The result of an expression is a list of rules.

.. class:: RCExpUnion

    When evaluated, return the union of the result of the sub-expressions.

.. class:: RCExpBind

    Return the singleton list with the rule :math:`(\emptyset, \emptyset, G)` for the given graph :math:`G`.

.. class:: RCExpId

    Return the singleton list with the rule :math:`(G, G, G)` for the given graph :math:`G`.

.. class:: RCExpUnbind

    Return the singleton list with the rule :math:`(G, \emptyset, \emptyset)` for the given graph :math:`G`.

.. class:: RCExpExp

    The base class for the composition of two rule :math:`(L_1, K_1, R_1)` and :math:`(L_2, K_2, R_2)`.

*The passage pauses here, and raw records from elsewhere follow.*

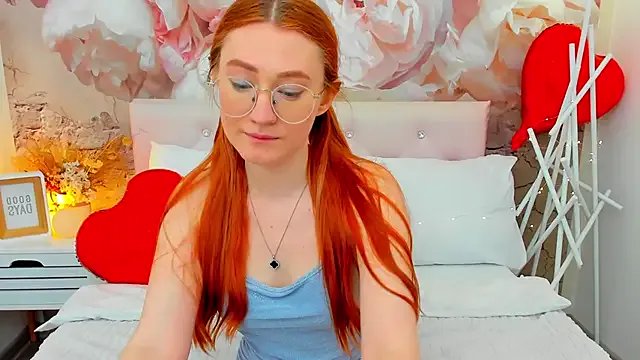 TinaHarp — foot fetish & spank red ass x25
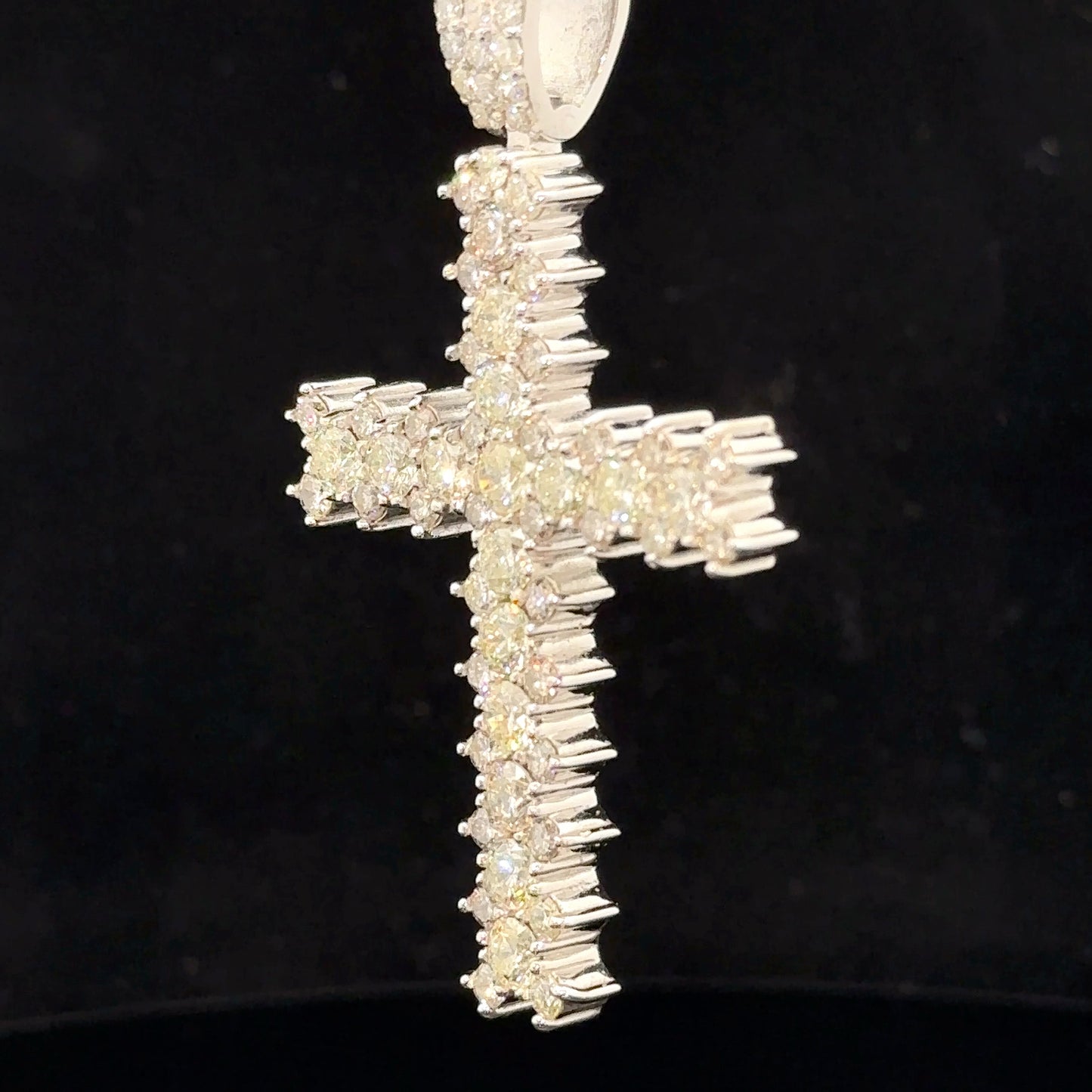 14k white gold and 7.50ct diamond Cross Pendant with round diamonds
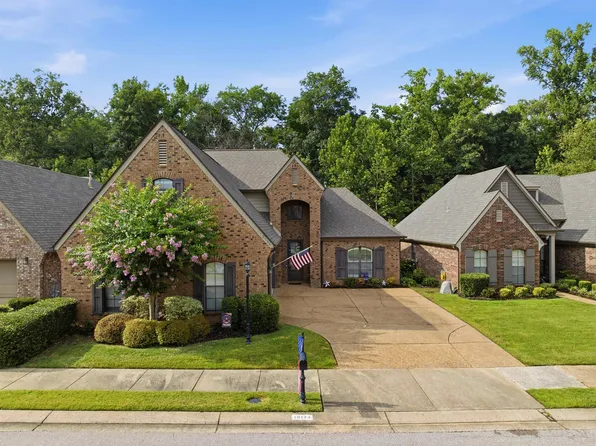 10124 Serenity Dr, Lakeland, TN 38002
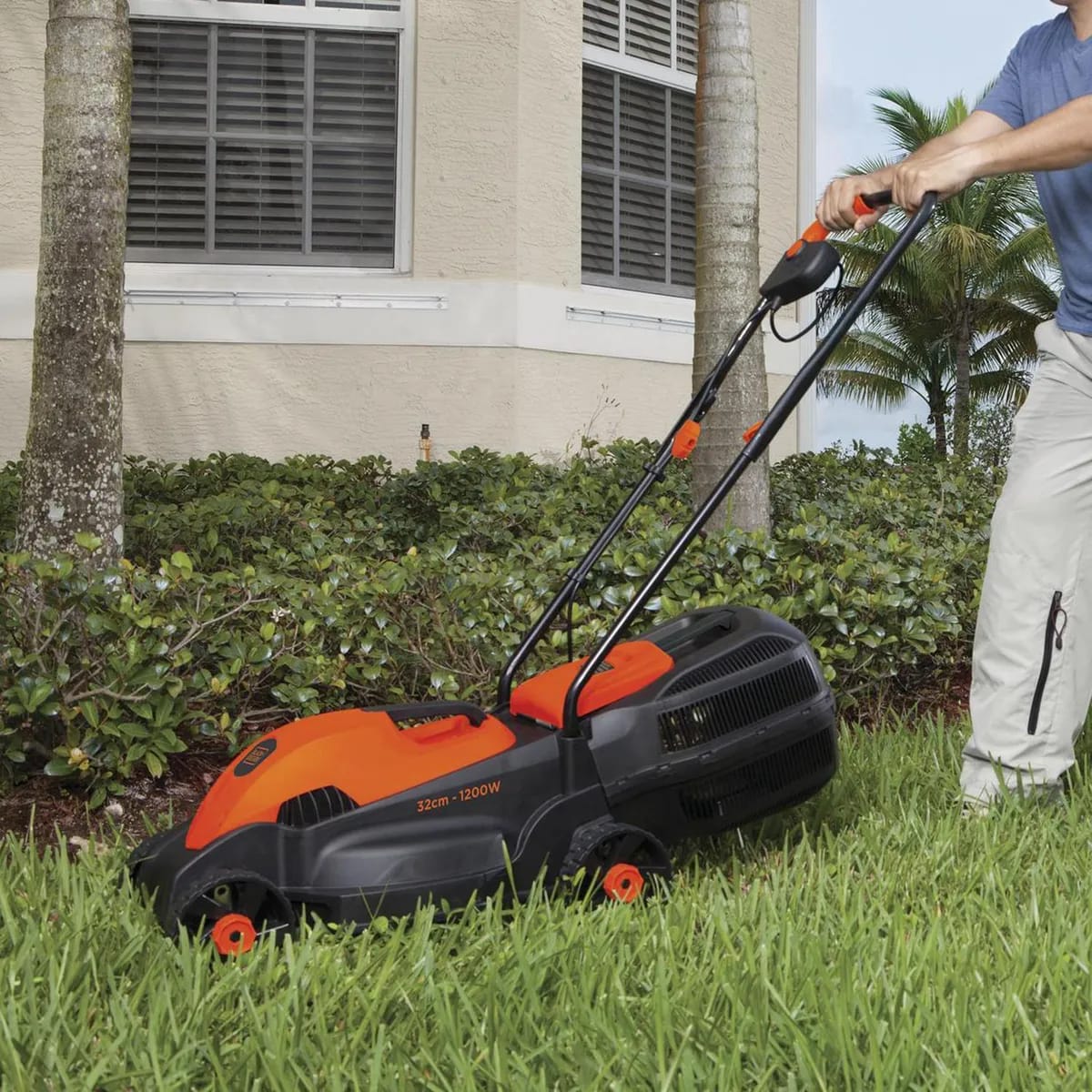 Cortadora Pasto Eléctrica Black Decker 1200 W 32 cm3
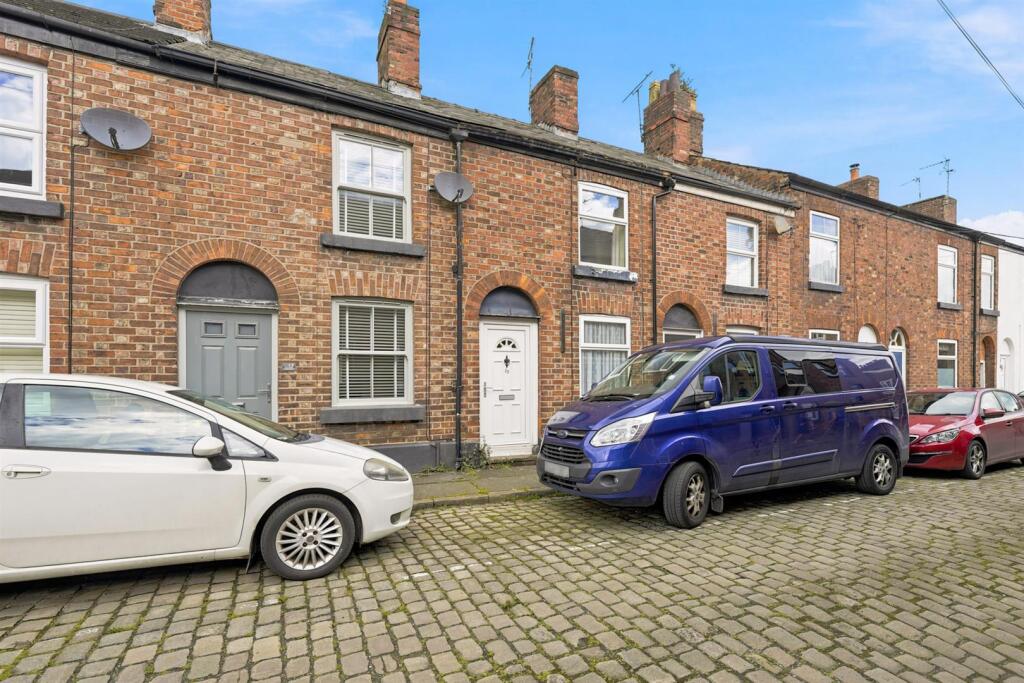 2 bed Mid Terraced House for rent in Macclesfield. From Holden & Prescott - Macclesfield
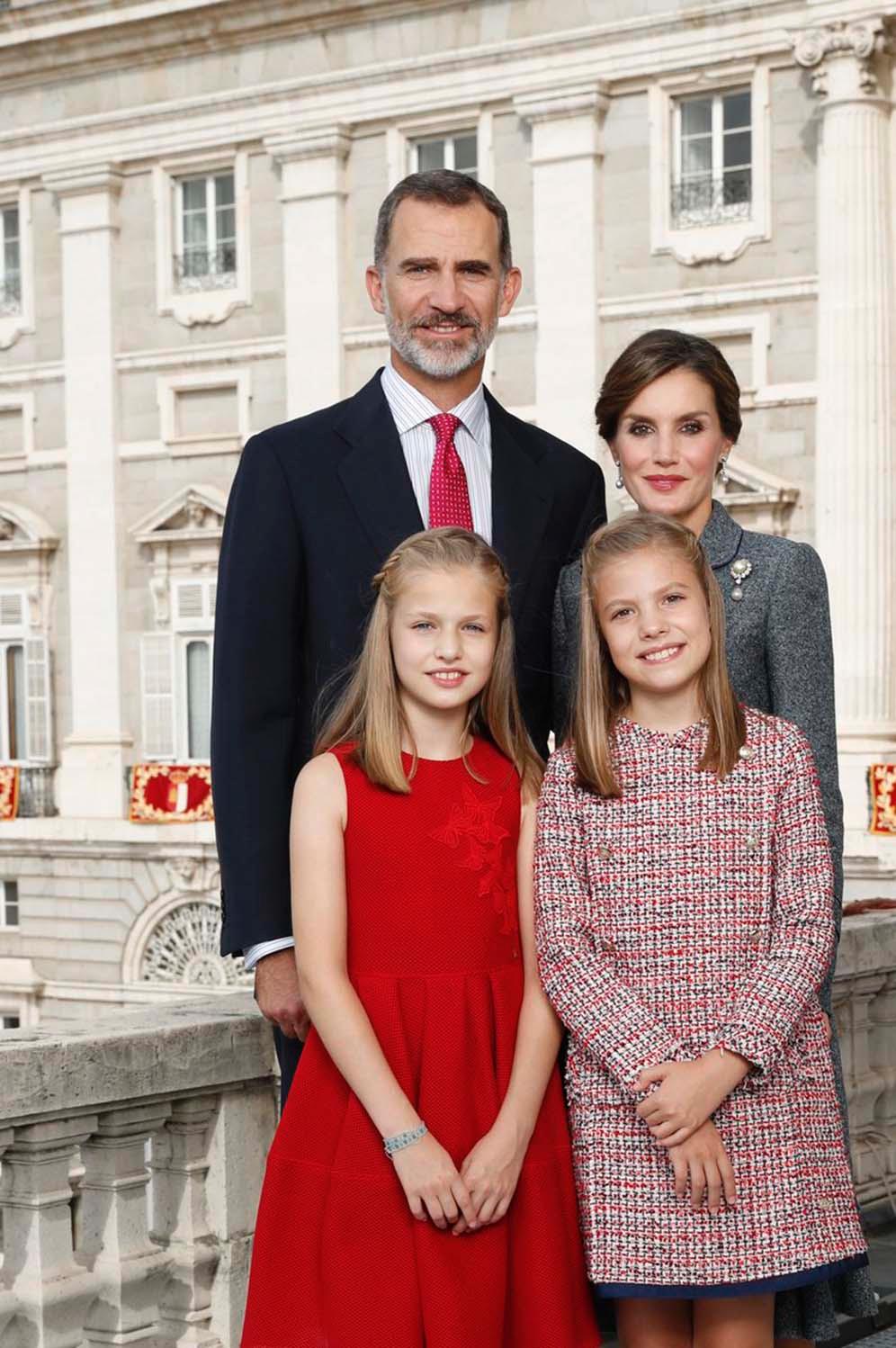 2017年12月17日，西班牙王室為聖誕節賀卡合照（Casa de S.M. el Rey twitter圖片）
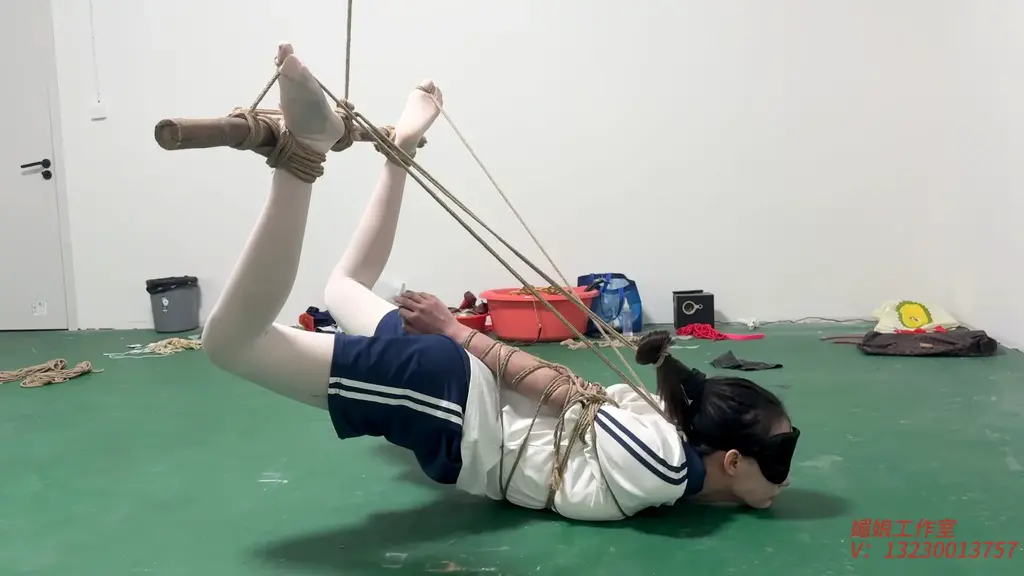 媚娘工作室-学生妹的痛苦直臂紧缚调教 媚娘工作室<br>V:13230013757<br>线x体验 私人定拍 线下陪玩 约绑模特 全国上课<br>  长时间没有接受调教的女m,现在连直臂都无法坚持，媚娘便对其加训，超紧直臂将女m的软肉通过绳子的缝隙挤出，连带着被吊起的后腿与脚趾，惹得女m不断发出痛苦的呻吟声，自身的脚腕感觉快要被拉扯开来，在这痛苦的折磨之下不知道女m还能坚持多久？<br>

.. class:: RCExpComposeCommon

    Compose the rules by all common subgraphs of :math:`R_1` and :math:`L_2`,
    possibly limited to connected subgraphs or to the subgraphs of maximum size.
    By default the empty overlap is not considered, but can be enabled to be.

.. class:: RCExpComposeParallel

    Compose the rules by all common subgraphs of :math:`R_1` and :math:`L_2`,
    possibly limited to connected subgraphs or to the subgraphs of maximum size.

.. class:: RCExpComposeSub

    Compose the rules by the empty graph, i.e., create a rule representing the parallel application of two input rules.

.. class:: RCExpComposeSuper

    Compose the rules such that overlapping connected components of :math:`R_1` and :math:`L_2` have the :math:`L_2` component as a subgraph of :math:`R_1`.
    The overlap is `partial` if not every connected component of :math:`L_2` is participating in the common subgraph.